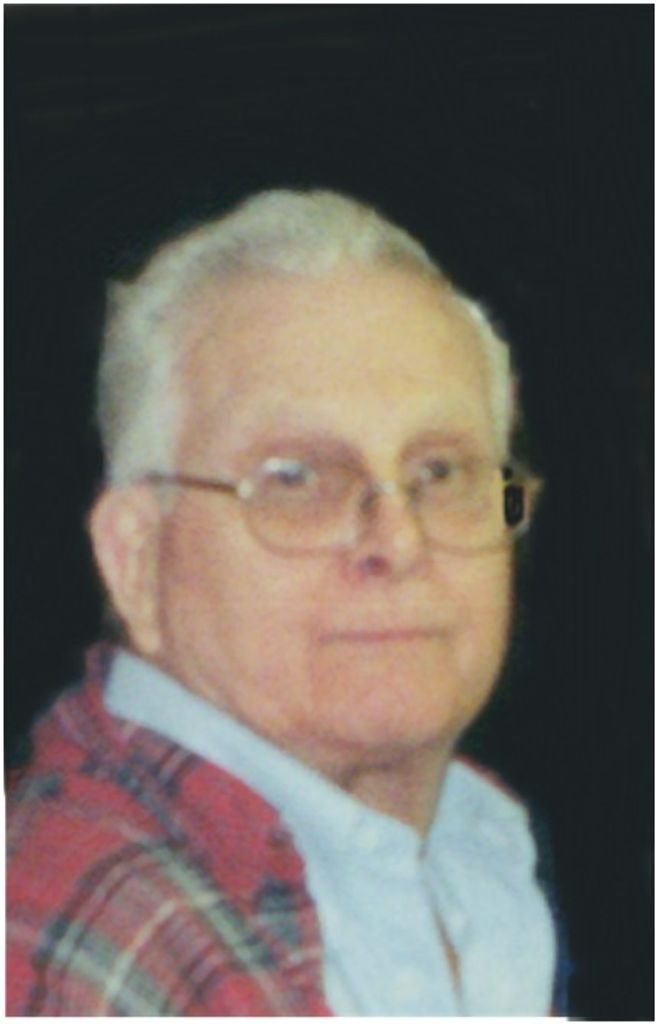 Thomas P. Mullane Profile Photo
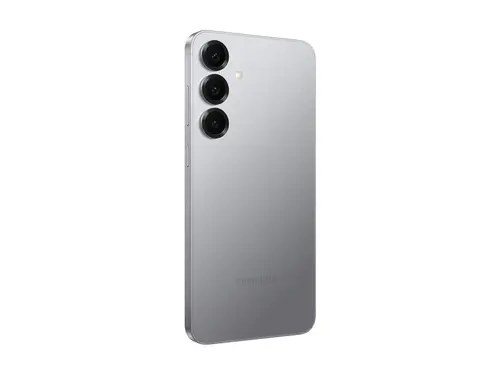 Мобилен телефон, Samsung SM-S936B GALAXY S25+ 5G 256GB 12GB Silver Shadow - image 8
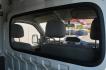 car gallery thumb image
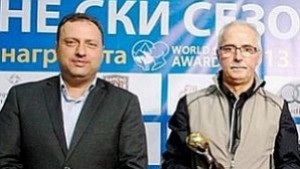 Банско губи туристи от липсата на втори лифт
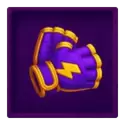 icon 2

------------

_Goal of the exercise:_
Extract, character for character, every line from the one that holds "Мобилен телефон, Samsung" through the end of the entries above. Include both boundary lines and no pictures.

_Solution to this task:_
 Мобилен телефон, Samsung SM-S936B GALAXY S25+ 5G 256GB 12GB Silver Shadow - image 8
 car gallery thumb image
 Банско губи туристи от липсата на втори лифт
 icon 2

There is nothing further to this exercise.